Susan Diridoni lives in the San Francisco Bay Area and works as a psychotherapist. In the last few years, her poetry has appeared in: Modern Haiku, bottle rockets, moonset, Mariposa, Modern English Tanka, Ribbons, 3lights, Roadrunner, MASKS. Forthcoming appearances in: Dimitar Anakiev’s (yet to be titled) “Anthology of War”, Presence.
1) Why do you write haiku?
I was a teenager interested in poetry and Zen when I discovered R.H. Blyth’s haiku books. Reading these books made me feel as if I would love Japan—never guessing that later I would travel there often and indeed love that land and its culture. At that time, I was also reading a good deal of other poetry, notably: Rilke, e.e. cummings, William Carlos Williams, paul reps, and contemporary poets of San Francisco. I also wrote poetry (very derivative) and was even published.
Much later, after becoming a psychologist, I began visiting a Trappist Abbey outside of Portland, Oregon. Occasionally I worked in the Pacific Northwest, and I would arrange to visit the Abbey. Then I began a decade of journeying there for Easter. It was being at the Abbey that brought me to the writing of haiku. I found the grounds of the Abbey beautiful—the foliage, trails going up into trees, ponds reflecting skies and the wind upon the water—all against the contemplative quiet and the welcoming community. Some of the guestrooms had long, slim windows which could transform at night in my mind’s eye, turning into real-time Japanese scrolls: moon reflected on a small pond, its surface broken by … koi, an insect, a frog. It seemed that all of this reached a critical mass of lyricism within me, and haiku began bubbling up. All of my initial attempts at haiku emerged from Abbey impressions—in nature, within relationships, and interior currents. After beginning to read contemporary published haiku, my haiku efforts gradually expanded to daily life and beyond.
Many answers given to this question have named dimensions that I, too, find true in writing haiku, especially the aspect of distillation.
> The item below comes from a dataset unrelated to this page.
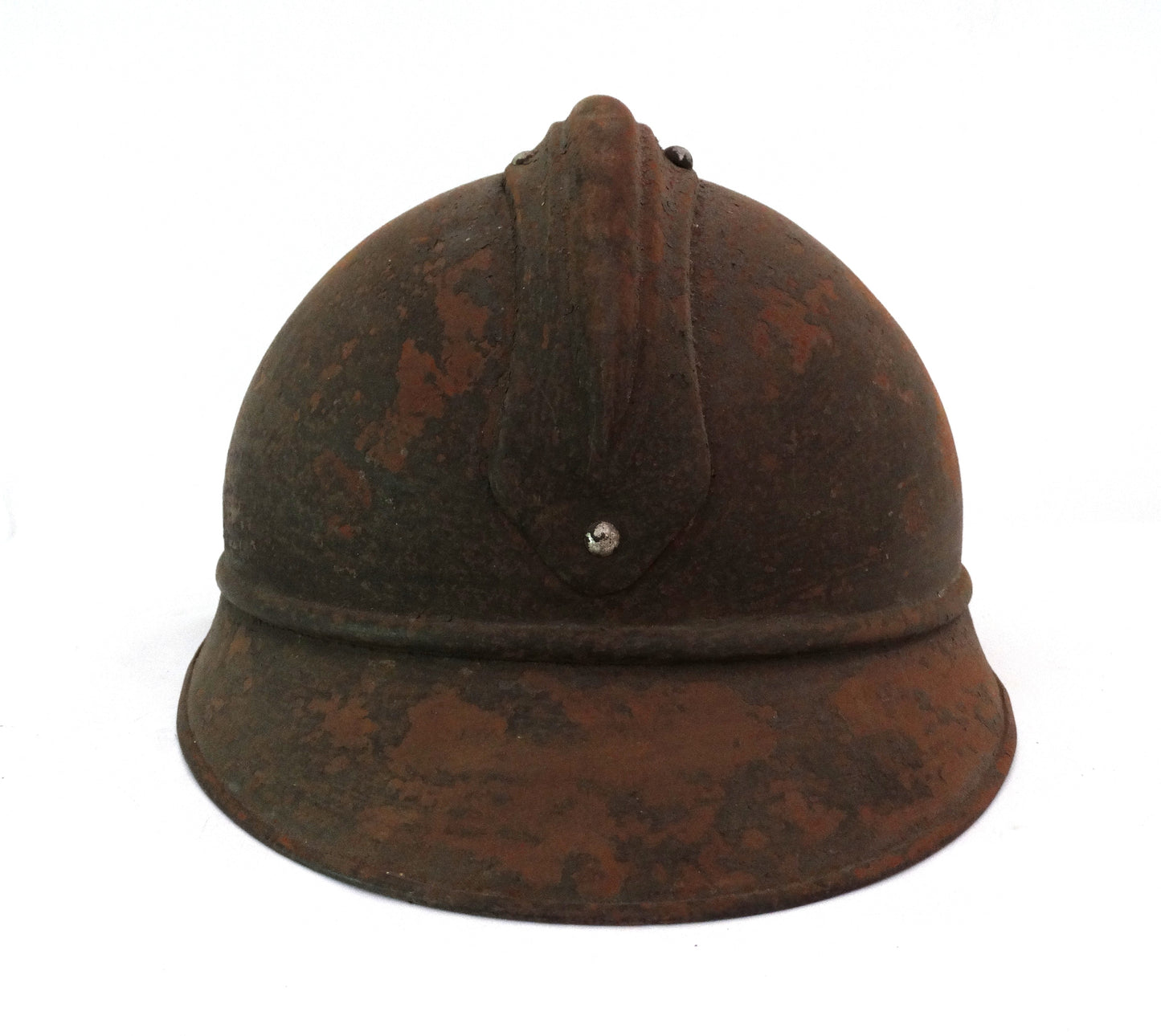 Coque de Casque Adrian Modèle 1915 – Avec Jugulaire.
Vue intégrale de dos.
For me, haiku is the distillation of multi-faceted moments—moments that are exterior, interior, and dynamic.
2) What other poetic forms do you enjoy?
I have less experience writing tanka, but enough to want to continue. In recent years I have been studying poetry with Diane di Prima, who is currently Poet Laureate of San Francisco. Diane’s passionate engagement with the Muse, and her liberal advocacy of the same in her students, make a compelling invitation to explore free verse as well as a wide variety of structured poetry. My readings in poetry are ever growing, including literary journals such as Jubilat and Black Warrior Review, to cite just two. Seems I’m wading into the wide, gossamer river of poetics!
3) Of the many wonderful haiku you’ve written, what do you consider to be your top three?
patches of night
fill the western sky—
my jig-saw memories
bottle rockets #19 / 2008
Epiphany
the unsaid between us
extinguished
Modern Haiku 40.2 / Summer 2009
just east of our troubles the rainbow’s face
Roadrunner X:I / Spring 2010
If you've been enjoying this weekly series and have not contributed, please consider sharing your response (whether it be for haiku or tanka) to the three little questions that Susan answered. You must be a published poet to participate.
3 comments:
Dear Susan, I enjoy the new way of seeing your haiku permit... makes me want to go back and rethink a few things. Many thanks.
particularly loved the rainbow one :)
Sorry, late in posting, Glad to see you here Susan! I really enjoyed your Rainbow's Face haiku. Very nice observation. It brought a smile.